Another Step Towards Gnutella Scalability

Version 1.0

Anurag Singla
Christopher Rohrs
Lime Wire LLC

Document History
1.0 Nov/26/2002 Added discussion of leaves with multiple ultrapeers.
"Draft" Dec/18/2001 First public version.

Abstract: We propose a scheme to have a hierarchical gnutella network by categorizing the nodes on the network as client-nodes and super-nodes. A client-node keeps only one connection open, and that is to a super-node. A super-node acts as a proxy to the gnutella network for the client nodes connected to it. This has a effect of making the gnutella network scale, by reducing the number of nodes on the network involved in message handling and routing, as well as reducing the actual traffic among them.

1. Introduction

The Gnutella network is a peer-to-peer network, all the hosts on the network are treated equal regardless of their bandwidth capabilities or computation power or other properties (like uptime, connection capability etc). Nodes on the network communicate using either of Gnutella Protocol 0.4 [PROT04], or an enhanced version that uses new Connection Handshaking mechanism [GC01], both of which have many interesting properties. New hosts can join any time, and the current hosts on the network may leave the network any time. The ability to have a dependable network, without dependence on any particular host (or set of hosts), is a remarkable feature of gnutella that has led to its immense popularity. Along with this there are many other remarkable features of gnutella network [WHYGNUT01] that distinguish it from other systems.

But along with all the good features that gnutella possesses, there have always been doubts cast upon the scalability of gnutella network. That’s primarily because of the overabundance of messages flowing thru the gnutella network including broadcast pings and queries, as well as the inability to assure content availability close enough to the searching host. Queries are sent to large number of hosts in an attempt to secure a hit from few of them. This has led to bandwidth problems in the past as well as in the present.

Gnutella developers have taken a number of very promising initiatives to reduce the number of messages flowing in the gnutella network, by making the methods more directed as well as carry more information. Notable among these are Ping Pong Scheme Proposal [CV01] which reduces the number of messages by eliminating the ones not contributing much to the system, Meta Information Search Proposal (S01) which attempts to make search more specific, and Query Routing Proposal [C00] which reduces the query traffic by doing selective broadcast.

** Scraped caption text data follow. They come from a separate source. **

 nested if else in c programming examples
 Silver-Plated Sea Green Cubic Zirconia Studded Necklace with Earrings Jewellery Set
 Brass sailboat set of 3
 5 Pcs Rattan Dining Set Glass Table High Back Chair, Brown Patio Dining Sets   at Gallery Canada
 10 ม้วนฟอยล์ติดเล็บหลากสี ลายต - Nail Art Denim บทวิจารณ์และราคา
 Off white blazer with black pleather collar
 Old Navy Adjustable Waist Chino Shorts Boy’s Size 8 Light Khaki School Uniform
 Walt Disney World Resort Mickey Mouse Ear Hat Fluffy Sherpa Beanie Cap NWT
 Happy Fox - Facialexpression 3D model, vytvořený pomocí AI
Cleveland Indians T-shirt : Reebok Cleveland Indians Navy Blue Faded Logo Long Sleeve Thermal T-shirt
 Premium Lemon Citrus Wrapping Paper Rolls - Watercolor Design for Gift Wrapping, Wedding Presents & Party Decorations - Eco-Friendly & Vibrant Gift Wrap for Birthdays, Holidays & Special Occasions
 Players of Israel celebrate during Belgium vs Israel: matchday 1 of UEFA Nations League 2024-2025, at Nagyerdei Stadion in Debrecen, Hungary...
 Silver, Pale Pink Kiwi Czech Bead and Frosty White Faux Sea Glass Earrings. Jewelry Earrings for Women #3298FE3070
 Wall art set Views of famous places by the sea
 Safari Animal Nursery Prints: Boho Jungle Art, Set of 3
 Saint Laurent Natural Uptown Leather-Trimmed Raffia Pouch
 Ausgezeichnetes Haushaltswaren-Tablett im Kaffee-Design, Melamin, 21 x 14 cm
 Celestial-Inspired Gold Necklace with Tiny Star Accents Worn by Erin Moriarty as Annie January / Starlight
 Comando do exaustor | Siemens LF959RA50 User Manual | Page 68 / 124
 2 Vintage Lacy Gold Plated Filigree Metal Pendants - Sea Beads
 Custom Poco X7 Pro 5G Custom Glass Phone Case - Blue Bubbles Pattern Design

Although the above initiatives are a promising step towards making the network efficient, there definitely exist other supplementary schemes, one of which is the scheme proposed in this paper that has a major potential of making network scalable and efficient. We propose a scheme which if implemented will create a two level hierarchy of nodes in the gnutella network, where faster nodes (ones having better networking capabilities and CPU power) take charge of much of the load on slower nodes. In the proposed scheme this restructuring of the network takes place automatically and dynamically, and works in unison with the other initiatives mentioned above. The restructured network will have a effect of significant reduction in the number of messages flowing thru the gnutella network.

At the same point, we would like to mention that the concept of the ultrapeers is not new, and has been in existence in variety of applications (including proxy access to web which has static ultrapeer selection, as well as distributed transaction processing which has dynamic ultrapeer selection algorithm). Also it has been applied to recent peer-to-peer applications using FastTrack [FTRACK], or other such similar technologies. The application of the ultrapeer concept in Peer-to-Peer application has been done using proprietary algorithms and protocols. Our contribution in this paper is to come up with a scheme to implement the dynamic ultrapeer selection mechanism in the Gnutella network. No such scheme has been published as yet. Our approach may or may not be similar to the proprietary ones in existence, with which we have no way to compare.

We present our scheme as follows. First we describe how ultrapeers work in an ideal network with a static topology. In doing so, we discuss options for ultrapeers to index [xyz1] leaf nodes. Next we tackle the more difficult problem of “ultrapeer election”, i.e., of dynamically constructing a tiered network. We describe a handshaking mechanism based on the recent Gnutella 0.6 protocol in detail and the concept of “ultrapeer guidance”. Finally, we conclude with some performance observations and directions for future work.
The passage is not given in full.